A vaccine would not treat the disease which has so far infected over 900,000 people worldwide and claimed the lives of more than 40,000. But it is a path toward global immunization.
Israel currently has over 5,500 confirmed cases of coronavirus infections, with 21 deaths and 226 recoveries, according to Health Ministry data from April 1.
Meanwhile, Rehovot-based company Kamada, a commercial-stage plasma-derived biopharmaceutical company, announced a few weeks ago that it was developing a “passive vaccine” for the coronavirus as potential treatment for severely ill patients.
The company specializes in the extraction and purification of proteins from human plasma to produce immune globulins. “The plasma-derived Anti-Corona (COVID-19) IgG product is expected to be produced from plasma derived from donors recovered from the virus, which is anticipated to include antibodies to the novel coronavirus,” the company said.
“The current global crisis resulting from the coronavirus outbreak calls for urgent highly-focused efforts to accelerate the development and manufacturing of potential treatments, especially for life-threatening situations,” said Amir London, CEO of Kamada, in a statement. “Kamada intends to utilize its proven hyper-immune IgG development experience and proprietary technology platform to initiate the development of an Anti-Corona (COVID-19) IgG product. We are working with the Israeli regulatory authorities and local medical institutions to advance our program.”
Global efforts toward a vaccine and treatment
Over two dozen companies and academic institutions worldwide are working to develop a vaccine or a treatment for the coronavirus. China, where the outbreak began in December, quickly shared the genetic material sequence of the coronavirus known as SARS-CoV-2, which causes COVID-19, allowing research groups to begin studies.
US company Moderna was first out the gate, having announced in February that it shipped out an experimental vaccine for testing at the National Institute of Allergy and Infectious Diseases (NIAID). Clinical trials on humans are now starting.
California-based biotech firm Gilead Sciences is currently in a Phase III clinical trial to evaluate the safety and efficacy of its novel antiviral drug Remdesivir, developed originally for Ebola, in adults diagnosed with COVID-19. These trials build on additional research including two clinical trials in China’s Hubei province led by the China-Japan Friendship Hospital, and a clinical trial in the US-led by NIAID. Results from the studies in China are expected this month, Gilead Sciences said.

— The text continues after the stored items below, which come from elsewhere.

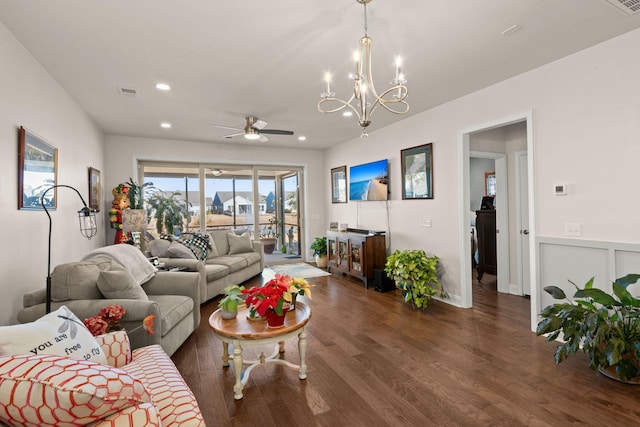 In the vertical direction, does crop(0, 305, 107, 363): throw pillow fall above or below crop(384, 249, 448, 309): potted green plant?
above

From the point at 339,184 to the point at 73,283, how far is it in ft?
16.8

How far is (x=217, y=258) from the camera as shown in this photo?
5.27 metres

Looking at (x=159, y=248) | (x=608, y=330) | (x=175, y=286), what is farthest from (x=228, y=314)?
(x=608, y=330)

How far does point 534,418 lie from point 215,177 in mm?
6256

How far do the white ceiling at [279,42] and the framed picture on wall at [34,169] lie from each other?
758mm

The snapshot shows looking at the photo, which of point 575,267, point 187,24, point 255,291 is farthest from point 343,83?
point 575,267

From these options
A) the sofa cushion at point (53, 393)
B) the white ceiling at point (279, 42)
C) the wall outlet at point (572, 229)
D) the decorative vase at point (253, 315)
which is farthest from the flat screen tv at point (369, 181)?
the sofa cushion at point (53, 393)

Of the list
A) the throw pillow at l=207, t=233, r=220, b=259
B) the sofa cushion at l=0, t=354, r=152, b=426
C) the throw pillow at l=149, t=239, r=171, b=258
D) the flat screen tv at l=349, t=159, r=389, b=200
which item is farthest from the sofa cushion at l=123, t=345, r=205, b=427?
the flat screen tv at l=349, t=159, r=389, b=200

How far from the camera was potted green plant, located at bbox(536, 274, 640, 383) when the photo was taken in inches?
86.5

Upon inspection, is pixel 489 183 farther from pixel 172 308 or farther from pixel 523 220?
pixel 172 308

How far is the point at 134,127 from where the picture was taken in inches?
203

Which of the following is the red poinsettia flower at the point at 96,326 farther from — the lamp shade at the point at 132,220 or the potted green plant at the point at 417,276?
the lamp shade at the point at 132,220

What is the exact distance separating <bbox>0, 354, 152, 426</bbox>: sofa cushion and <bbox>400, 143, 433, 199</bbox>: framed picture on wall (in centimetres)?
417

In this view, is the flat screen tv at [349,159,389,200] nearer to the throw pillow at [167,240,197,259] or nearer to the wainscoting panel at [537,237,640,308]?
the wainscoting panel at [537,237,640,308] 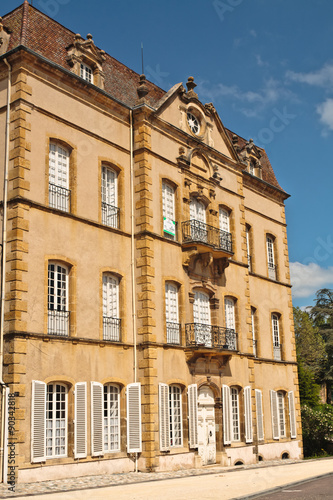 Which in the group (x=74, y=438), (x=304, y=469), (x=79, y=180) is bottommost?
(x=304, y=469)

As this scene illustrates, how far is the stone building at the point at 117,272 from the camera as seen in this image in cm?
1756

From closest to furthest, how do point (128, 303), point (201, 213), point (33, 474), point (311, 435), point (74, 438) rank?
1. point (33, 474)
2. point (74, 438)
3. point (128, 303)
4. point (201, 213)
5. point (311, 435)

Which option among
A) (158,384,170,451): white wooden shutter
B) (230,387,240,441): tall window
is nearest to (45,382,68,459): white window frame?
(158,384,170,451): white wooden shutter

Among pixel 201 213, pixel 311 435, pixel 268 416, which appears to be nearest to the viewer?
pixel 201 213

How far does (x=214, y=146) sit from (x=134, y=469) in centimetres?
1357

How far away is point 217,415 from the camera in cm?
2327

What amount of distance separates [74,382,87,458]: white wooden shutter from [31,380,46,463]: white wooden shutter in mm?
1235

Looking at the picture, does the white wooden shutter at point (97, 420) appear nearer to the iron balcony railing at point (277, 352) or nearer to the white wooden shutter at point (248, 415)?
the white wooden shutter at point (248, 415)

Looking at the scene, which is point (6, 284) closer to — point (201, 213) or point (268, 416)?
point (201, 213)

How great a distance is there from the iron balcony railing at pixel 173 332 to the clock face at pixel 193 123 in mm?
8235

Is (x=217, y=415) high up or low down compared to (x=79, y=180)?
down

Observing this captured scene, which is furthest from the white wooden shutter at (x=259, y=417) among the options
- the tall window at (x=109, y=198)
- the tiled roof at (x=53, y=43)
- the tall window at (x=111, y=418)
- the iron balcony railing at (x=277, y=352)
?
the tiled roof at (x=53, y=43)

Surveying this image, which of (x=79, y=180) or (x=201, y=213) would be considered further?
(x=201, y=213)


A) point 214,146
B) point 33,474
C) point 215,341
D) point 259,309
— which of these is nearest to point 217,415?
point 215,341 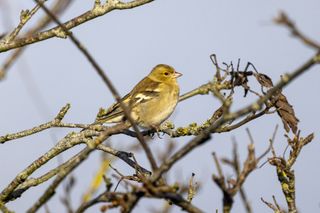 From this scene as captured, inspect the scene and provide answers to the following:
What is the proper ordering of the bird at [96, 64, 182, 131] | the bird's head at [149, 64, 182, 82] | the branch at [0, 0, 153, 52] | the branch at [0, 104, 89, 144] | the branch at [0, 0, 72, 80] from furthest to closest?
the bird's head at [149, 64, 182, 82] → the bird at [96, 64, 182, 131] → the branch at [0, 104, 89, 144] → the branch at [0, 0, 153, 52] → the branch at [0, 0, 72, 80]

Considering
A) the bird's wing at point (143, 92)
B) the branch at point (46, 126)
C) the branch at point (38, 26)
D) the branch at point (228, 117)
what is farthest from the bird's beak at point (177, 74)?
the branch at point (228, 117)

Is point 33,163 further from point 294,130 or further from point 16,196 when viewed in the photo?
point 294,130

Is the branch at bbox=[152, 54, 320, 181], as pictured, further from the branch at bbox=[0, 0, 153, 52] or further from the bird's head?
the bird's head

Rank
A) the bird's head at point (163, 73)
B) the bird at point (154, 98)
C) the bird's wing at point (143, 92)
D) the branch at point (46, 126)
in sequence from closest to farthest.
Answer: the branch at point (46, 126) → the bird at point (154, 98) → the bird's wing at point (143, 92) → the bird's head at point (163, 73)

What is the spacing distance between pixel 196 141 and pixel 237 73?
3040 millimetres

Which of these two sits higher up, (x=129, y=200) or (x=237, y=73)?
(x=237, y=73)

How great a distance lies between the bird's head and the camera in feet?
33.4

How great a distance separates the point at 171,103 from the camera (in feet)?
30.1

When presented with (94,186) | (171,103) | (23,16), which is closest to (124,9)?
(23,16)

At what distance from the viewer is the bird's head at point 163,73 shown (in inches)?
401

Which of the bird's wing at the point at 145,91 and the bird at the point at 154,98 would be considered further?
the bird's wing at the point at 145,91

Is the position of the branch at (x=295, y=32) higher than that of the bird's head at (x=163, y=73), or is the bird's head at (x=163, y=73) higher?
the bird's head at (x=163, y=73)

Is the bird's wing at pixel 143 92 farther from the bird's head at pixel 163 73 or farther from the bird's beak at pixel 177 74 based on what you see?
the bird's beak at pixel 177 74

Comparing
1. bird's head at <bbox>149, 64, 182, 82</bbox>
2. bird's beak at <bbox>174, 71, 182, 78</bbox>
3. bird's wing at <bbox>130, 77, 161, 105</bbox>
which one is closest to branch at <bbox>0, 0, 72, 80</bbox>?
bird's wing at <bbox>130, 77, 161, 105</bbox> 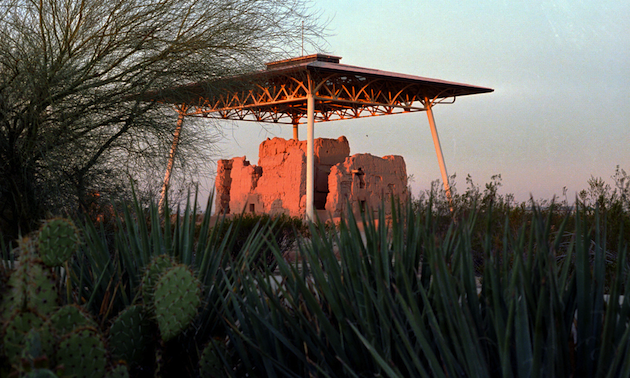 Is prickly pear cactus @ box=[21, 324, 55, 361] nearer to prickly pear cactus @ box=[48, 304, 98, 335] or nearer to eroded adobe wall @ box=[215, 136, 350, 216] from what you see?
prickly pear cactus @ box=[48, 304, 98, 335]

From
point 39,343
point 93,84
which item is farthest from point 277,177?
point 39,343

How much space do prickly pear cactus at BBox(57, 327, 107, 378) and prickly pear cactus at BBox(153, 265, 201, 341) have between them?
0.95ft

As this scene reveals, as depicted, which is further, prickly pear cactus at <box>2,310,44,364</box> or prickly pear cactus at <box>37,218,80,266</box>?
prickly pear cactus at <box>37,218,80,266</box>

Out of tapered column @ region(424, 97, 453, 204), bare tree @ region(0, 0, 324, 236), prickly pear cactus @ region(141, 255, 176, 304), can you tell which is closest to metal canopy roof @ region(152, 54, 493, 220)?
tapered column @ region(424, 97, 453, 204)

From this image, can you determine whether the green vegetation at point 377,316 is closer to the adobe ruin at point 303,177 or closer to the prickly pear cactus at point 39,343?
the prickly pear cactus at point 39,343

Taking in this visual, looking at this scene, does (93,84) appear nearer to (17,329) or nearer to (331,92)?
(17,329)

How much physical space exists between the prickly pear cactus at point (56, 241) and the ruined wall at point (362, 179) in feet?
44.6

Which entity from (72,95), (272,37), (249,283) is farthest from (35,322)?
(272,37)

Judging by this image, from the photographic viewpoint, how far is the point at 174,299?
→ 157cm

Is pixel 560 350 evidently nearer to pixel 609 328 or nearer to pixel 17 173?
pixel 609 328

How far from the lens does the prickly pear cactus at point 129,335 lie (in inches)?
66.5

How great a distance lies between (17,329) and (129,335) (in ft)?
1.65

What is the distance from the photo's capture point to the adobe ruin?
15844mm

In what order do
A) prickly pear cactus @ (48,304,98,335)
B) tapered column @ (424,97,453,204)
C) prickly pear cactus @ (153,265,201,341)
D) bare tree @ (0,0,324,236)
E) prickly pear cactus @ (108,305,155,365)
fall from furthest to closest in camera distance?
tapered column @ (424,97,453,204) → bare tree @ (0,0,324,236) → prickly pear cactus @ (108,305,155,365) → prickly pear cactus @ (153,265,201,341) → prickly pear cactus @ (48,304,98,335) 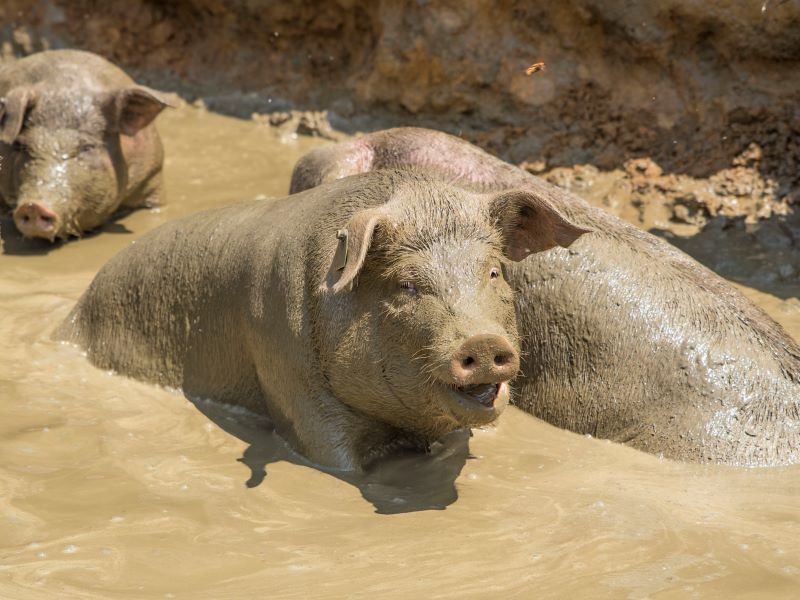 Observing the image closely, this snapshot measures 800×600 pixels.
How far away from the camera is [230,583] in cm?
493

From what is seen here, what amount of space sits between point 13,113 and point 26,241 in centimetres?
98

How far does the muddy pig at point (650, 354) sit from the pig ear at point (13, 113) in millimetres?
4741

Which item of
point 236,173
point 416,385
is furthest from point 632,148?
point 416,385

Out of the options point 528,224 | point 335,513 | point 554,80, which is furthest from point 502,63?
point 335,513

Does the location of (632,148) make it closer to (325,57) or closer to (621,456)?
(325,57)

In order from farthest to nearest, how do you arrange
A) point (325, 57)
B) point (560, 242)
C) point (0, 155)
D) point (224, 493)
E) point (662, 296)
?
point (325, 57)
point (0, 155)
point (662, 296)
point (560, 242)
point (224, 493)

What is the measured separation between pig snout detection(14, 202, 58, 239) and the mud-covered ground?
2.93 m

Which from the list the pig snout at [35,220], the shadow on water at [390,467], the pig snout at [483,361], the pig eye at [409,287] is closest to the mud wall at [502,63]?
the pig snout at [35,220]

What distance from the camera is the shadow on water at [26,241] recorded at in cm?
1014

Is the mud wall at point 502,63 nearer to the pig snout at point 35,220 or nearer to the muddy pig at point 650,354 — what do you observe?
the pig snout at point 35,220

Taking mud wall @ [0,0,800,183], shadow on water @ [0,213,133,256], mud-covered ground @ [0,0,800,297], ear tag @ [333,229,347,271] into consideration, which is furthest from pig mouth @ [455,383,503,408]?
shadow on water @ [0,213,133,256]

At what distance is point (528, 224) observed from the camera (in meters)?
6.33

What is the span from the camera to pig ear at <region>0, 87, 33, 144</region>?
33.8 ft

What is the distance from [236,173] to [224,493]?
19.9 feet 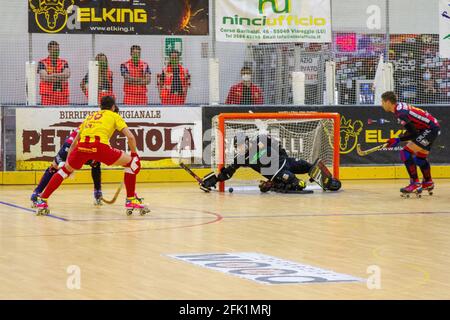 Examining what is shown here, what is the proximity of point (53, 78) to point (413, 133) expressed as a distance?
24.5 ft

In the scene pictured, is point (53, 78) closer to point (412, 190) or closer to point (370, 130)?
point (370, 130)

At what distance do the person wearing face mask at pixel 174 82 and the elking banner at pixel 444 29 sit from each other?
18.1 ft

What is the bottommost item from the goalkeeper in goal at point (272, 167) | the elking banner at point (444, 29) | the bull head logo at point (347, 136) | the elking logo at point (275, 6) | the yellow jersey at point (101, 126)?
the goalkeeper in goal at point (272, 167)

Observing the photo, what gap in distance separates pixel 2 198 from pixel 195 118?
5221mm

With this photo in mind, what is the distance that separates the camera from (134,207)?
582 inches

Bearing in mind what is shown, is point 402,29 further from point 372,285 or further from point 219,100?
point 372,285

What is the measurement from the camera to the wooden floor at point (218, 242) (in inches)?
345

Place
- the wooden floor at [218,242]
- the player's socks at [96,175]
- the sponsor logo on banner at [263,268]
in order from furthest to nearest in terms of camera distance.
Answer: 1. the player's socks at [96,175]
2. the sponsor logo on banner at [263,268]
3. the wooden floor at [218,242]

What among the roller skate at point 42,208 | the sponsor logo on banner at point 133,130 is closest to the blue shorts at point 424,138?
the sponsor logo on banner at point 133,130

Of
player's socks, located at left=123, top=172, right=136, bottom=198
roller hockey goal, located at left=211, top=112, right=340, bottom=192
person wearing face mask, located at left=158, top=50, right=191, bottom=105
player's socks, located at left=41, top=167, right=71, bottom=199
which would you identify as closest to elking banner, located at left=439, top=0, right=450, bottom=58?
roller hockey goal, located at left=211, top=112, right=340, bottom=192

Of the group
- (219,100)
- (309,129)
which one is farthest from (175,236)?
(219,100)

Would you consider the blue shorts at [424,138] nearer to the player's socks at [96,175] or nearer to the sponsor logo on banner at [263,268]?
the player's socks at [96,175]

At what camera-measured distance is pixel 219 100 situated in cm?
2203

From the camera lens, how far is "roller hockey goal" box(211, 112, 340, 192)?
19.9m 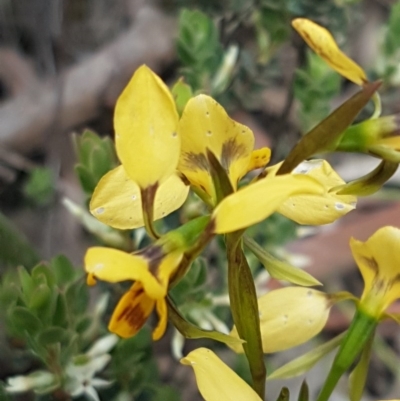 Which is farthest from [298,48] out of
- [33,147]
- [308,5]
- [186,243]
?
[186,243]

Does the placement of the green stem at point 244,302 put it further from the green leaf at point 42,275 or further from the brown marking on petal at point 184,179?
the green leaf at point 42,275

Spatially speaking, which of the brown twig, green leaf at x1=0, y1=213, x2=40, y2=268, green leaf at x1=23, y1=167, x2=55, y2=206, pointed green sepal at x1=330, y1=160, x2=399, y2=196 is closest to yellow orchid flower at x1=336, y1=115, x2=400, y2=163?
pointed green sepal at x1=330, y1=160, x2=399, y2=196

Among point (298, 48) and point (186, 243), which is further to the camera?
point (298, 48)

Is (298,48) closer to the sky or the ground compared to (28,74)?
closer to the sky

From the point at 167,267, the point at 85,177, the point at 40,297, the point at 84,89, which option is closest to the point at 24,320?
the point at 40,297

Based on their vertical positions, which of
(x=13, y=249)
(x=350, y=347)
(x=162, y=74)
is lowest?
(x=162, y=74)

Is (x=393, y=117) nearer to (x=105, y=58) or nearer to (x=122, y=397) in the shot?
(x=122, y=397)

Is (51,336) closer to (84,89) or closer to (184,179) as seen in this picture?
(184,179)

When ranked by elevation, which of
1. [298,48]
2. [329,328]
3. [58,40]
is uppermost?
[298,48]
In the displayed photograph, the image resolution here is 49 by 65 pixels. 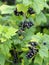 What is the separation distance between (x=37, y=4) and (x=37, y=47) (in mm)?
346

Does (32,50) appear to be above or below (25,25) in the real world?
below

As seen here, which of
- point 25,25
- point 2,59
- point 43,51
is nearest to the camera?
point 43,51

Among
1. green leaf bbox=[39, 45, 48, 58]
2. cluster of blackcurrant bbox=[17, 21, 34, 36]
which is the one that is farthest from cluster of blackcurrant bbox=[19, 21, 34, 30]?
green leaf bbox=[39, 45, 48, 58]

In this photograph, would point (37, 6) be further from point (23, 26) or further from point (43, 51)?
point (43, 51)

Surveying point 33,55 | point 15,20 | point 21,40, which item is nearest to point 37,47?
point 33,55

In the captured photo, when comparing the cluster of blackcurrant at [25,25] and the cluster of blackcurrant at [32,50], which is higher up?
the cluster of blackcurrant at [25,25]

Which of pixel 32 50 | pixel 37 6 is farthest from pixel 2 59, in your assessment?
pixel 37 6

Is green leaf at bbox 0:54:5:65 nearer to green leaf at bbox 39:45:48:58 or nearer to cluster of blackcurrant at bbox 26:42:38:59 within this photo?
cluster of blackcurrant at bbox 26:42:38:59

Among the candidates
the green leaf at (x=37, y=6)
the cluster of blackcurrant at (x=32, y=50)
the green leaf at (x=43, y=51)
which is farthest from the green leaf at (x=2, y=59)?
the green leaf at (x=37, y=6)

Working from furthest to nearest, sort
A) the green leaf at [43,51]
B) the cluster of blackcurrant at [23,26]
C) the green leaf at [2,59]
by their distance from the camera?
1. the cluster of blackcurrant at [23,26]
2. the green leaf at [2,59]
3. the green leaf at [43,51]

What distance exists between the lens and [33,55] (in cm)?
202

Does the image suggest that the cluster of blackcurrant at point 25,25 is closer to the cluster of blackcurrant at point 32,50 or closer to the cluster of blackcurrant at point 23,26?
the cluster of blackcurrant at point 23,26

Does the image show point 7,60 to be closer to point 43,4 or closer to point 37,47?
point 37,47

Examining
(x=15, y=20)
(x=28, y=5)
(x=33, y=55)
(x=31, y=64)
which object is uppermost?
(x=28, y=5) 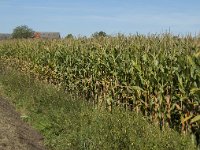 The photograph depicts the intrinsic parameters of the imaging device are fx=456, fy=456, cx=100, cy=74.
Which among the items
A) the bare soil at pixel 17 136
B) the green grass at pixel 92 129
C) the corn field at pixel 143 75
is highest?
the corn field at pixel 143 75

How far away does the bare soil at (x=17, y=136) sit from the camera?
9.34 m

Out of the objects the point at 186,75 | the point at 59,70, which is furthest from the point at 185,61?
the point at 59,70

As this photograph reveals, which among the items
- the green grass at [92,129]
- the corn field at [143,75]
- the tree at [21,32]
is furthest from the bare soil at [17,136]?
the tree at [21,32]

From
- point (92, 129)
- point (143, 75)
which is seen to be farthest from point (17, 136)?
point (143, 75)

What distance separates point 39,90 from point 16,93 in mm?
2237

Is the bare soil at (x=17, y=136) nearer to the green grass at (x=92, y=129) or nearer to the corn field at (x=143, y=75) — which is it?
the green grass at (x=92, y=129)

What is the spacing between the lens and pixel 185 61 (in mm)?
8664

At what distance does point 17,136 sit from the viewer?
33.2ft

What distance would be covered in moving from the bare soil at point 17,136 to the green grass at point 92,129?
0.22 meters

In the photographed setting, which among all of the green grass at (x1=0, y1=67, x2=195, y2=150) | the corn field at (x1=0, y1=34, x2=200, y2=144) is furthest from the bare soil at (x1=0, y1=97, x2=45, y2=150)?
the corn field at (x1=0, y1=34, x2=200, y2=144)

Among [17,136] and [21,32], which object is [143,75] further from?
[21,32]

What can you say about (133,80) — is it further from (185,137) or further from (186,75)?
(185,137)

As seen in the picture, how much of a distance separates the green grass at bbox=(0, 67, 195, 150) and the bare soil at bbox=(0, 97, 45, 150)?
0.73 feet

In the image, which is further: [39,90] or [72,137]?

Experimental antiviral drugs like Favilavir developed by the Zhejiang Hisun Pharmaceutical Company, and HIV drug Kaletra/Aluvia (lopinavir/ritonavir) by American biopharmaceutical company AbbVie are also being tested as treatment.
This week, US-Israeli clinical-stage pharmaceutical company NeuroRx and Swiss drug development company Relief Therapeutics said that they received authorization from the US Food and Drug Administration (FDA) to begin a mid-stage trial for the use of Aviptadil to treat acute respiratory distress in coronavirus patients. Aviptadil is a patented form of vasoactive intestinal polypeptide that has previously shown promise in treating Acute Respiratory Distress Syndrome (ARDS), in which severe inflammation causes the lungs to fill with fluid, the companies said.
Coronavirus death is primarily caused by ARDS.